- **REQUIRED WORK**
Every record below must be written out exactly. Leave out the pictures.

- **MATERIAL TO PROCESS**
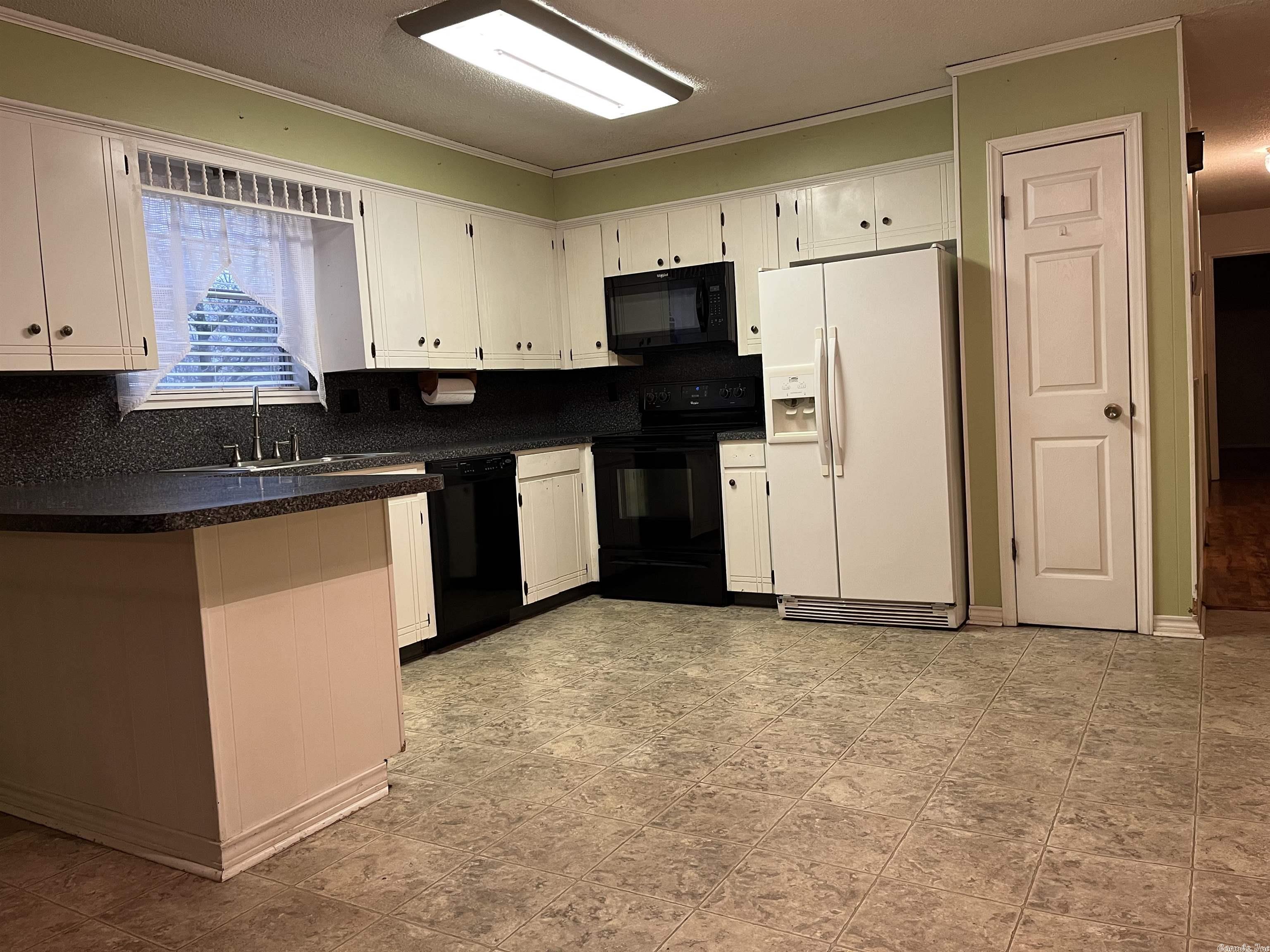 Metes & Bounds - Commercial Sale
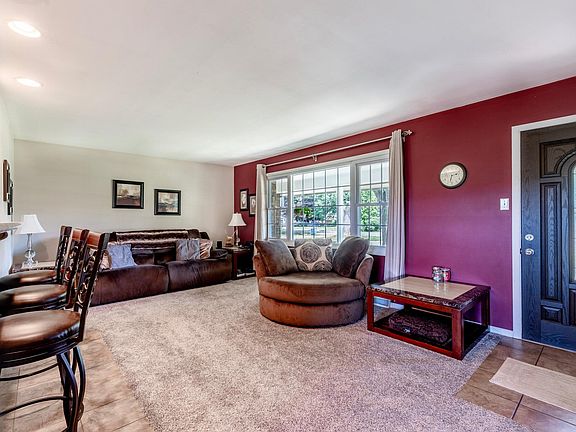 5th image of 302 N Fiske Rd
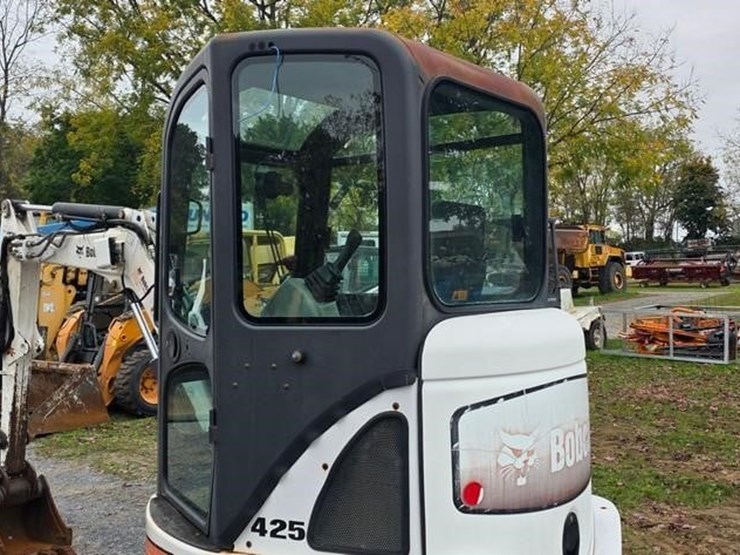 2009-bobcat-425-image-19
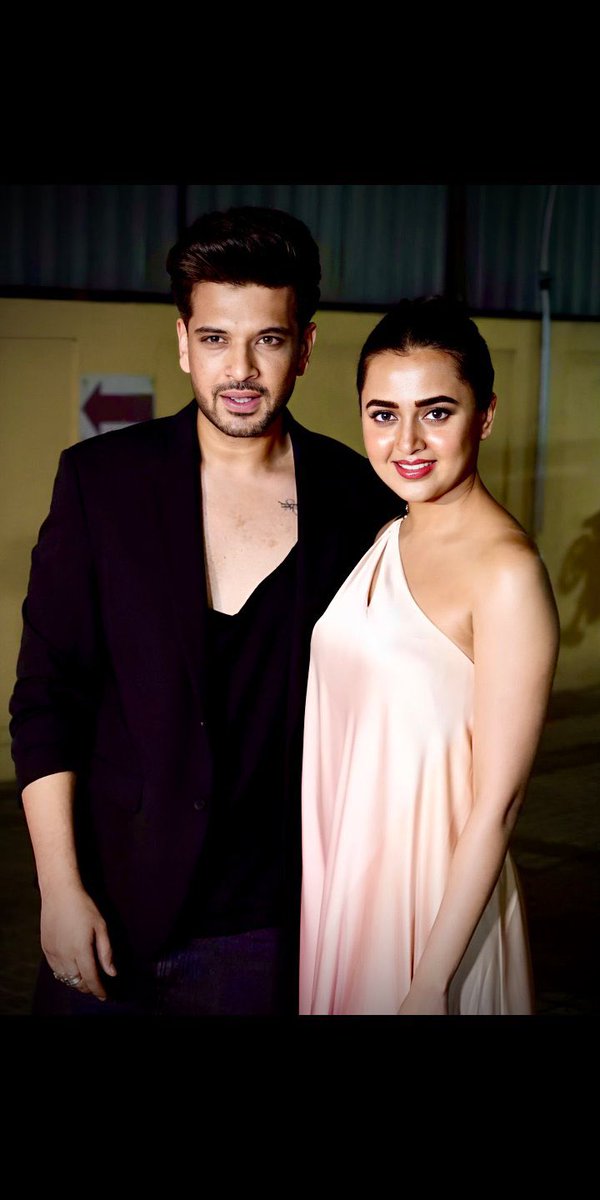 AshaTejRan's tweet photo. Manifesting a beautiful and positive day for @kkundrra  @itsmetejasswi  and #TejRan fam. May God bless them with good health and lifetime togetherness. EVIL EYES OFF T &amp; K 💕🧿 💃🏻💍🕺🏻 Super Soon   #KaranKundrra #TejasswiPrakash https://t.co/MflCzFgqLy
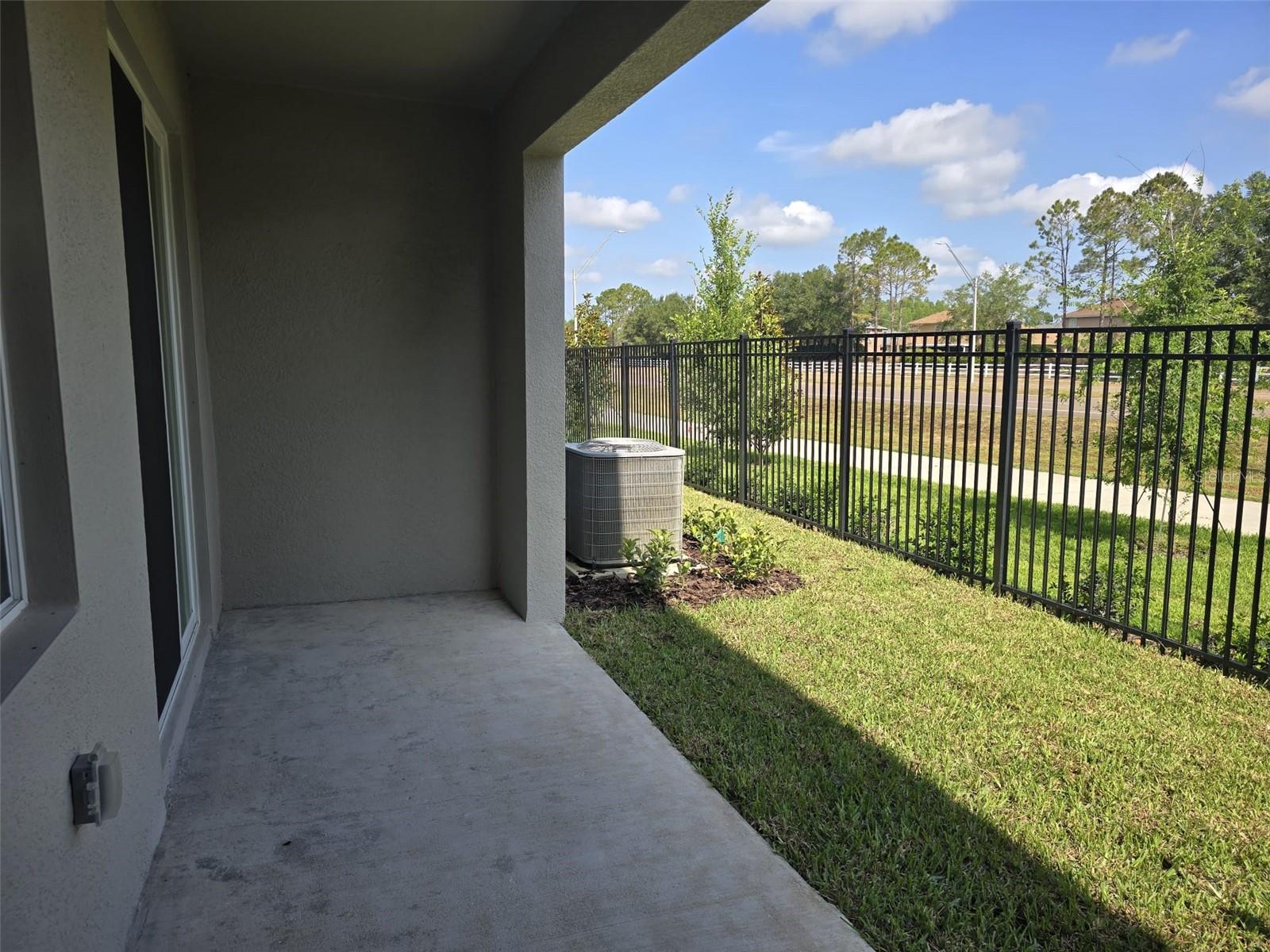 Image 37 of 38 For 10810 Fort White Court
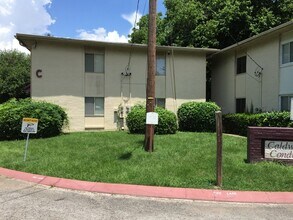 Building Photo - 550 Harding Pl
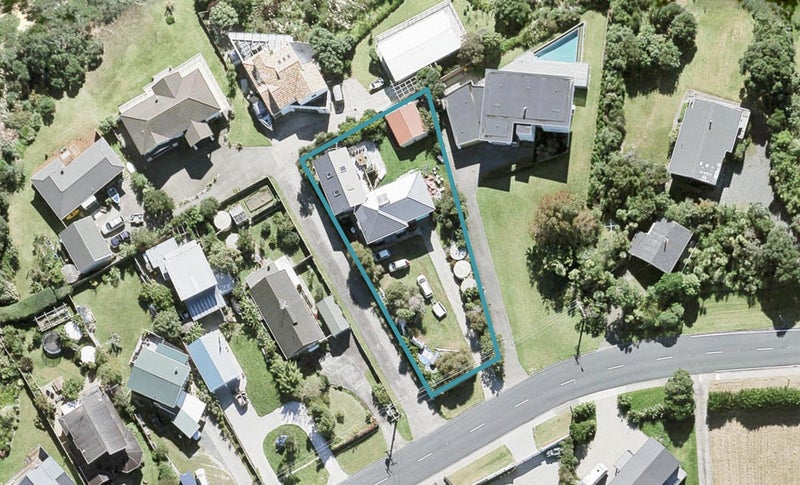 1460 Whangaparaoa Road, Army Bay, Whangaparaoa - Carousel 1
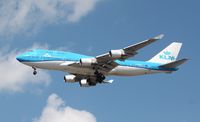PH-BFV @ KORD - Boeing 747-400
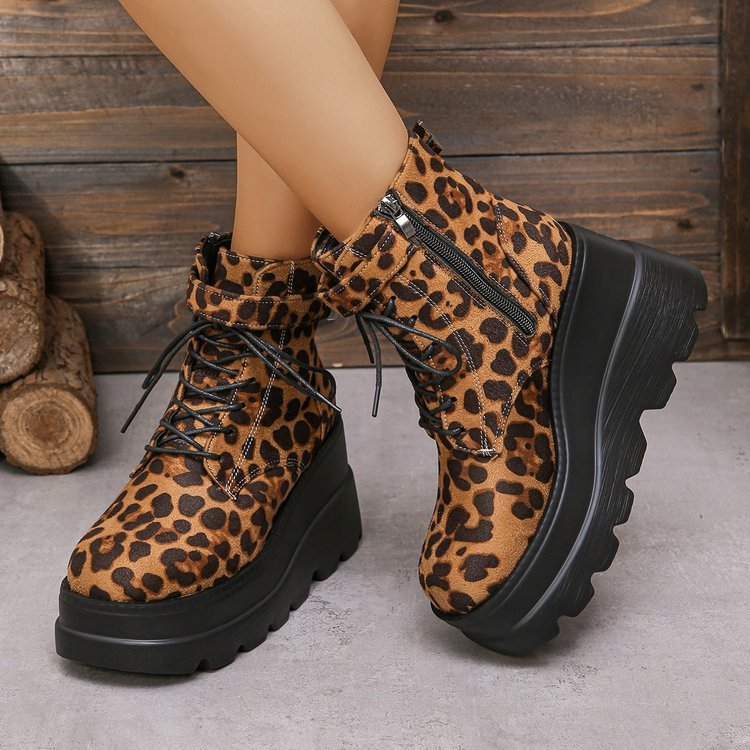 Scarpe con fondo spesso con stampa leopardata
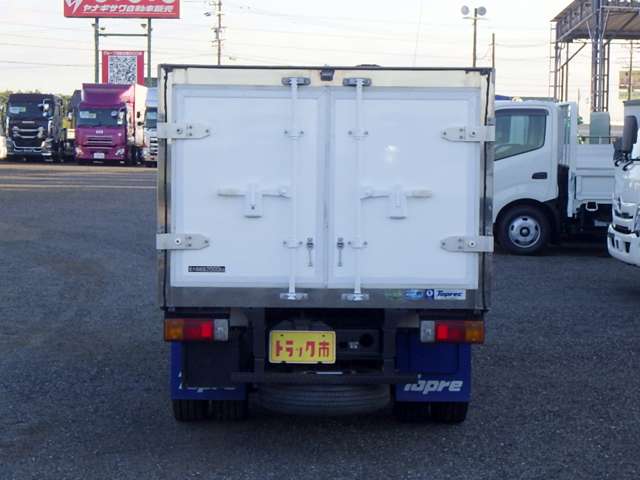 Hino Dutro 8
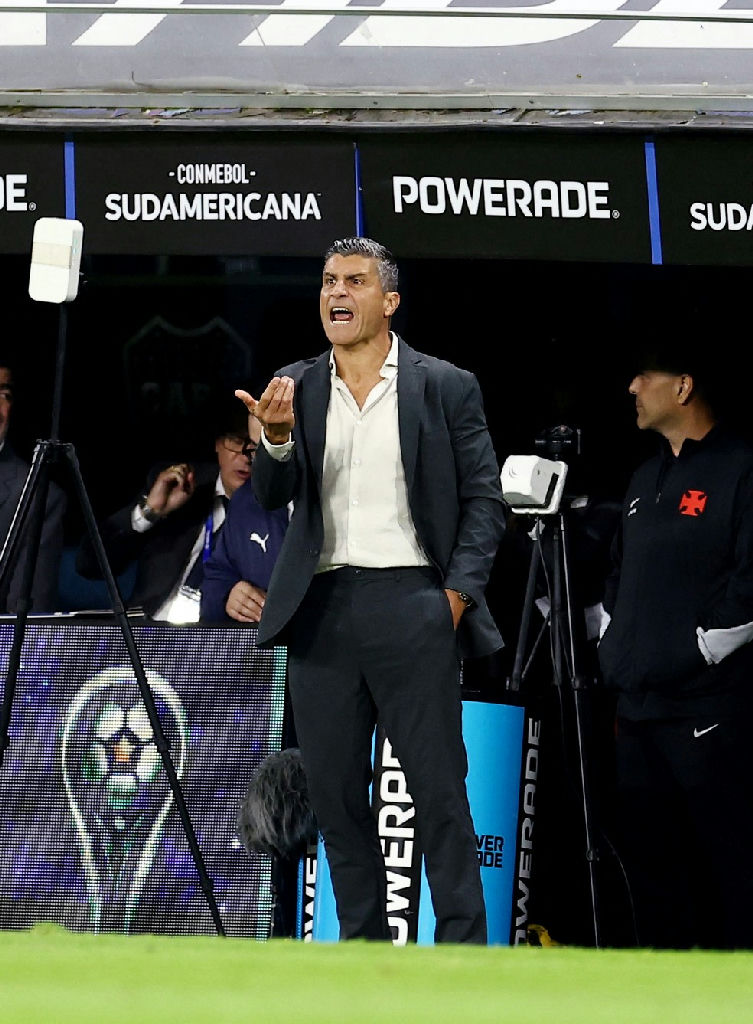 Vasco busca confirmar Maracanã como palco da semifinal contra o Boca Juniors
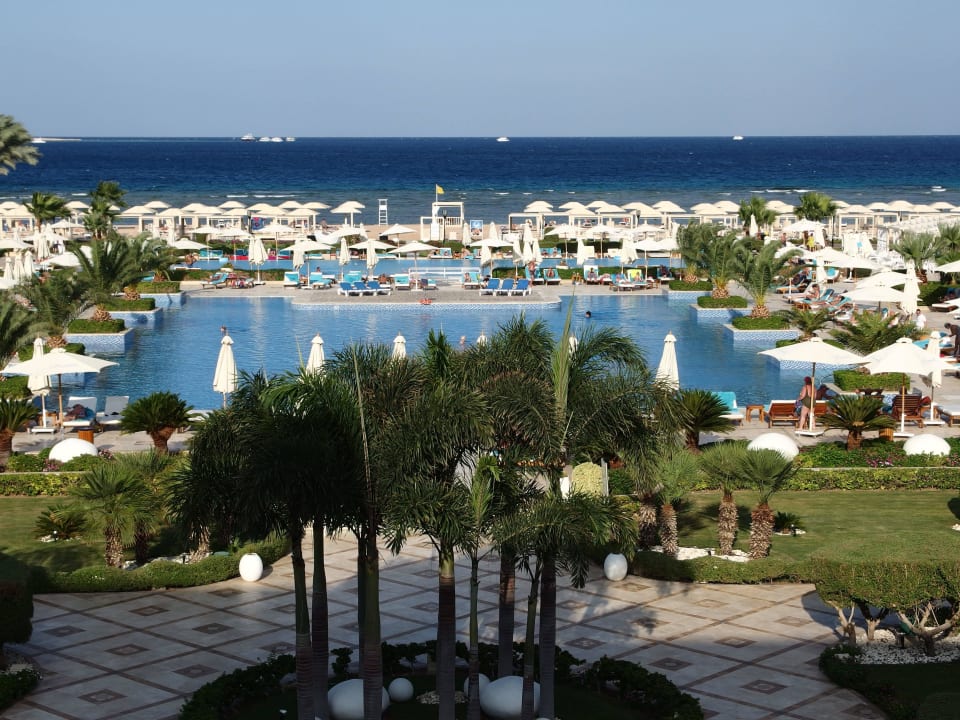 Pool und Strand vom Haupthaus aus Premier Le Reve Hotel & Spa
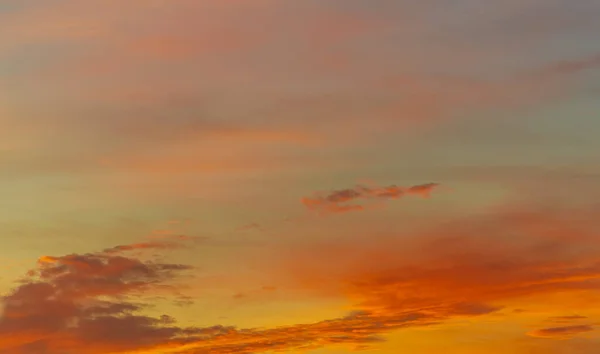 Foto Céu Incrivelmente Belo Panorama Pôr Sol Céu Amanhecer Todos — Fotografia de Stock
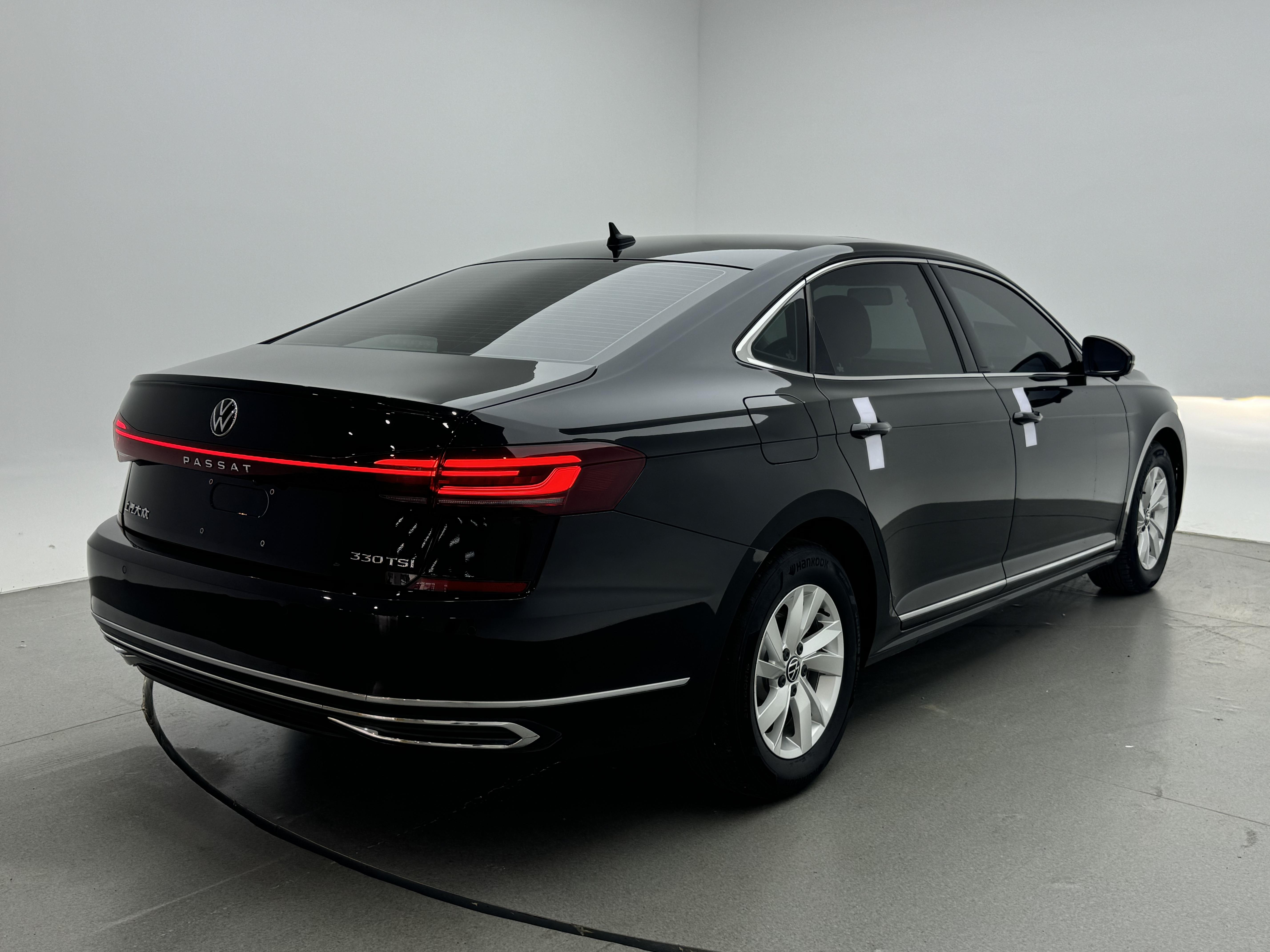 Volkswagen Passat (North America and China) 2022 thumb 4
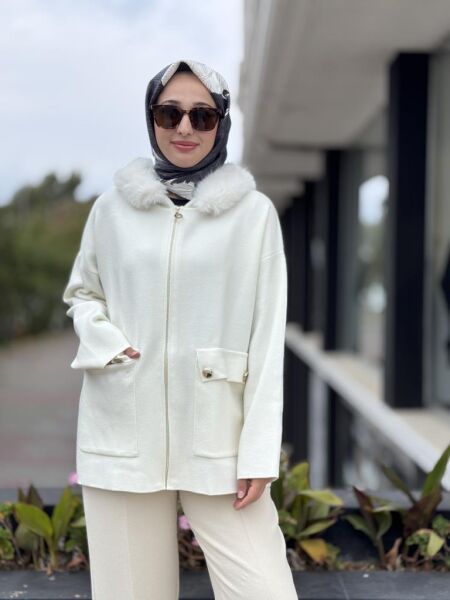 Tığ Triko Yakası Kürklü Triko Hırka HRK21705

- **SOLUTION TO THIS PROBLEM**
 Metes & Bounds - Commercial Sale
 5th image of 302 N Fiske Rd
 2009-bobcat-425-image-19
 AshaTejRan's tweet photo. Manifesting a beautiful and positive day for @kkundrra  @itsmetejasswi  and #TejRan fam. May God bless them with good health and lifetime togetherness. EVIL EYES OFF T &amp; K 💕🧿 💃🏻💍🕺🏻 Super Soon   #KaranKundrra #TejasswiPrakash https://t.co/MflCzFgqLy
 Image 37 of 38 For 10810 Fort White Court
 Building Photo - 550 Harding Pl
 1460 Whangaparaoa Road, Army Bay, Whangaparaoa - Carousel 1
PH-BFV @ KORD - Boeing 747-400
 Scarpe con fondo spesso con stampa leopardata
 Hino Dutro 8
 Vasco busca confirmar Maracanã como palco da semifinal contra o Boca Juniors
 Pool und Strand vom Haupthaus aus Premier Le Reve Hotel & Spa
 Foto Céu Incrivelmente Belo Panorama Pôr Sol Céu Amanhecer Todos — Fotografia de Stock
 Volkswagen Passat (North America and China) 2022 thumb 4
 Tığ Triko Yakası Kürklü Triko Hırka HRK21705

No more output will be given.